Sea levels are rising faster, driven by Greenland melt


Satellite data shows that the rate of global sea-level rise increased by 50% between 1993 and 2014 and much more of the increase was due to melting ice than had previously been thought. Tim Wallace reports.


Broken pieces of glacier ice floating in the waters of Greenland’s Fjord of Eternity.
Melting ice, such as this glacier breakup floating in Greenland’s Fjord of Eternity, played an unexpectedly large role in sea level rise between 1993 and 2014.
Jason Edwards / Getty

Greenland’s melting ice sheet is making a much bigger contribution to rising global sea levels than previously thought, according to a new analysis of satellite and other data that calculates the rate of sea-level rise has jumped 50% in two decades.
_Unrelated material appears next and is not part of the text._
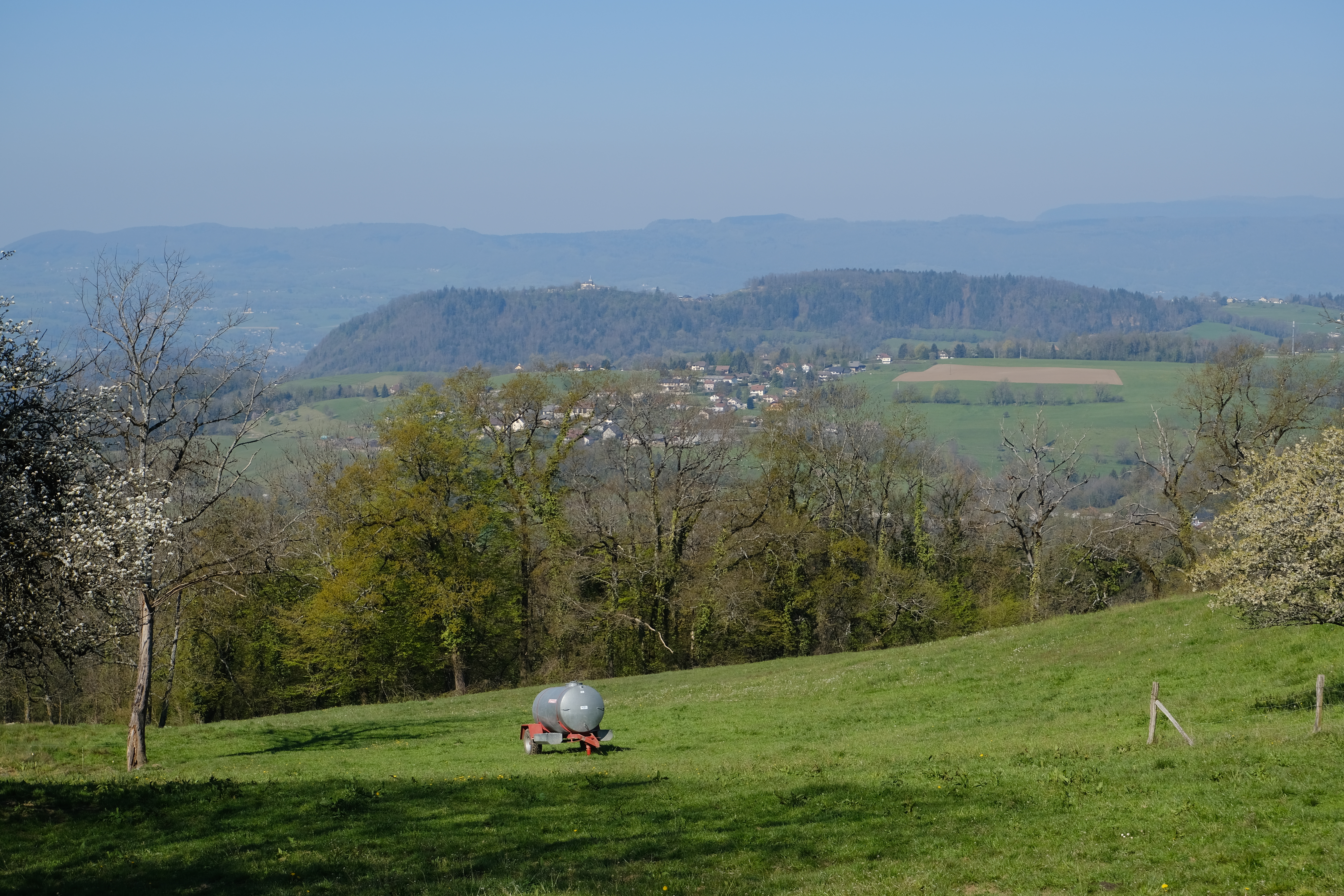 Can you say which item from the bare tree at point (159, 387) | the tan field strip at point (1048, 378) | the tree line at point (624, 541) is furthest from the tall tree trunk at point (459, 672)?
the tan field strip at point (1048, 378)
This acceleration highlights the “importance and urgency of mitigating climate change and formulating coastal adaption plans to mitigate the impacts of ongoing sea-level rise”, says the analysis, authored by scientists associated with the Centre for Southern Hemisphere Oceans – an Australian-Chinese collaborative research venture based in Hobart, Tasmania – and published in Nature Climate Change.

The results, based on the first two decades of relatively precise satellite altimetry records, indicate some notable differences in the constituent contributors to sea-level rise over the past few decades compared with the assumed contributions that underpin future projections made in the Intergovernmental Panel on Climate Change’s Fifth Assessment Report (5AR).
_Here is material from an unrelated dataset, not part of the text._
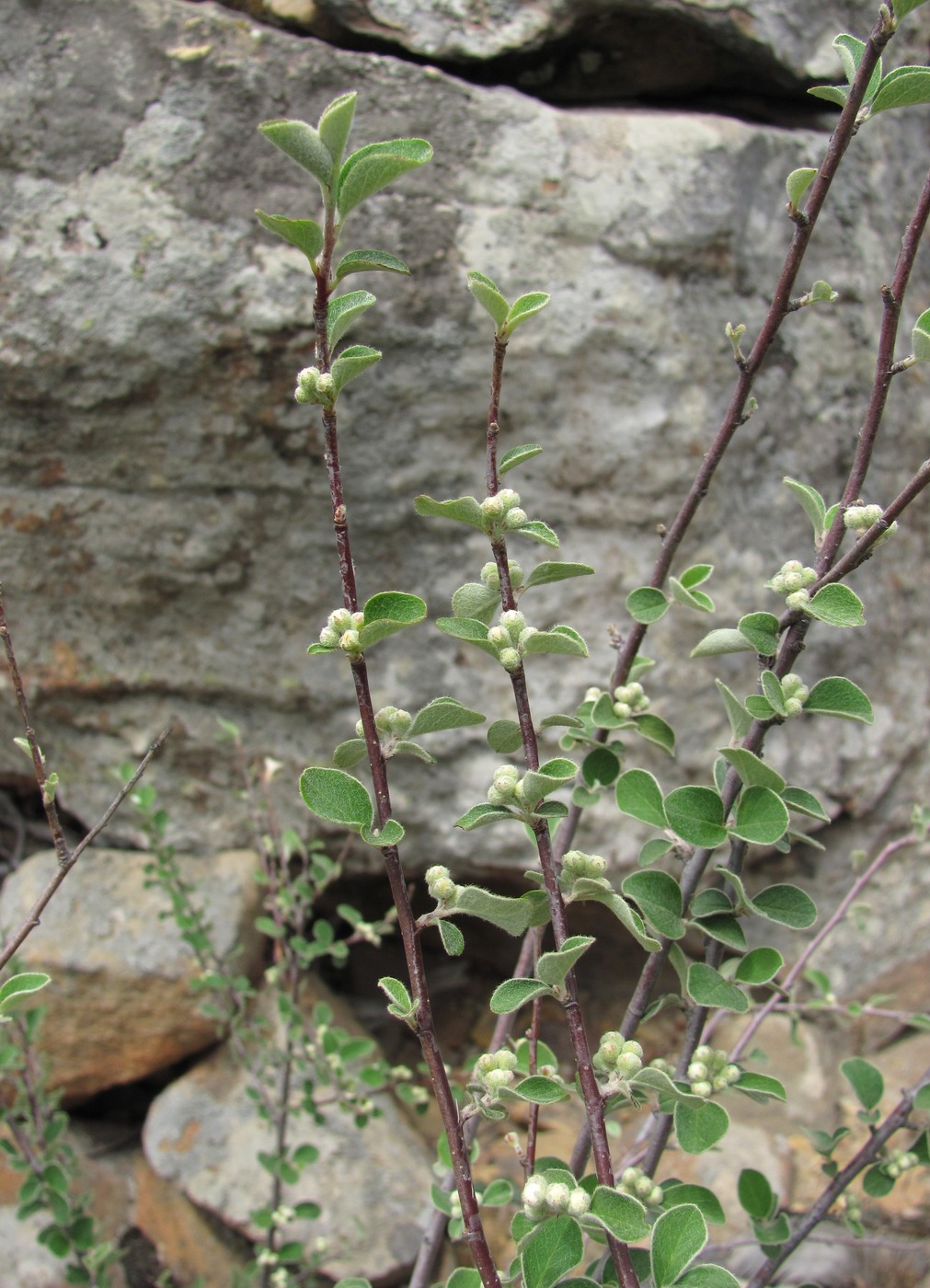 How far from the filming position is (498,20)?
5.21ft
Sea level rise can result from thermal expansion of the ocean; loss of mass from glaciers, the Greenland ice sheet and the Antarctic ice sheet; and changes in land water storage due to both climate variability and anthropogenic effects.

The 5AR projects ocean thermal expansion as making the greatest contribution (between 30% and 55%) to future sea level rise. This new analysis suggests thermal expansion actually diminished in significance between 1993 and 2014, contributing about half of the annual increase in global sea level at the beginning of the time period but less than a third at the end.
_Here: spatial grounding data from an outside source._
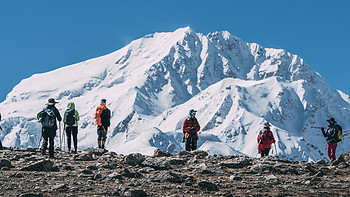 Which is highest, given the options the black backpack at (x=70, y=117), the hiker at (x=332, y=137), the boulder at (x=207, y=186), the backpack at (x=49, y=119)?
the black backpack at (x=70, y=117)

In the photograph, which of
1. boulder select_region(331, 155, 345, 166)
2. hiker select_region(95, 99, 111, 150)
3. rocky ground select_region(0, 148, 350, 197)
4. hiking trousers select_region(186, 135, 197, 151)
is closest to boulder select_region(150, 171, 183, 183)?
rocky ground select_region(0, 148, 350, 197)

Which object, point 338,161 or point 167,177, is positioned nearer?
point 167,177

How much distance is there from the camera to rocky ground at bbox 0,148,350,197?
Result: 1348cm

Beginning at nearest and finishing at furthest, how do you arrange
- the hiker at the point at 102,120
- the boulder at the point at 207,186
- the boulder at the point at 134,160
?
1. the boulder at the point at 207,186
2. the boulder at the point at 134,160
3. the hiker at the point at 102,120

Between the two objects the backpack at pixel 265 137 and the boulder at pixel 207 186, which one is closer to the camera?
the boulder at pixel 207 186

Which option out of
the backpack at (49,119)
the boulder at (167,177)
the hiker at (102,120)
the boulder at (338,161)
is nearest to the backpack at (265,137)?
the boulder at (338,161)

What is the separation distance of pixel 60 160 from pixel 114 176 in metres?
5.06

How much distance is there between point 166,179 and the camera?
14.9 meters

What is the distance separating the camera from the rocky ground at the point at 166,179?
1348cm

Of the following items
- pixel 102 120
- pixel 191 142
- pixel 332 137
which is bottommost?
pixel 332 137

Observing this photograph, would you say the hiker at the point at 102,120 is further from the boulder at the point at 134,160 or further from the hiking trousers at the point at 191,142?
the boulder at the point at 134,160

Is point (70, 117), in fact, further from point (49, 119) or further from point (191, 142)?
point (191, 142)

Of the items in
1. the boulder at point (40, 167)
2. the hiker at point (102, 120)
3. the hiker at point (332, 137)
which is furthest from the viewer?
the hiker at point (102, 120)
This, the paper suggests, might be due to the volcanic eruption of Mount Pinatubo in 1991. Climate model simulations show ocean temperature falls following such eruptions and is suppressed for more than 15 years. “Thus, the underlying acceleration of thermal expansion in response to the anthropogenic forcing may emerge over the next decade or so,” the researchers write, “resulting in a further acceleration in the rate from that reported here and recent estimates.”

That said, the rate of ocean thermal expansion did not change much. What really affected its significance to overall sea-level rise was the increasing contribution of ice melt from glaciers and the Antarctic and Greenland ice sheets. The Greenland ice sheet’s increased contribution to total average global sea level was particularly stark, rising from 5% in 1993 to 25% in 2014.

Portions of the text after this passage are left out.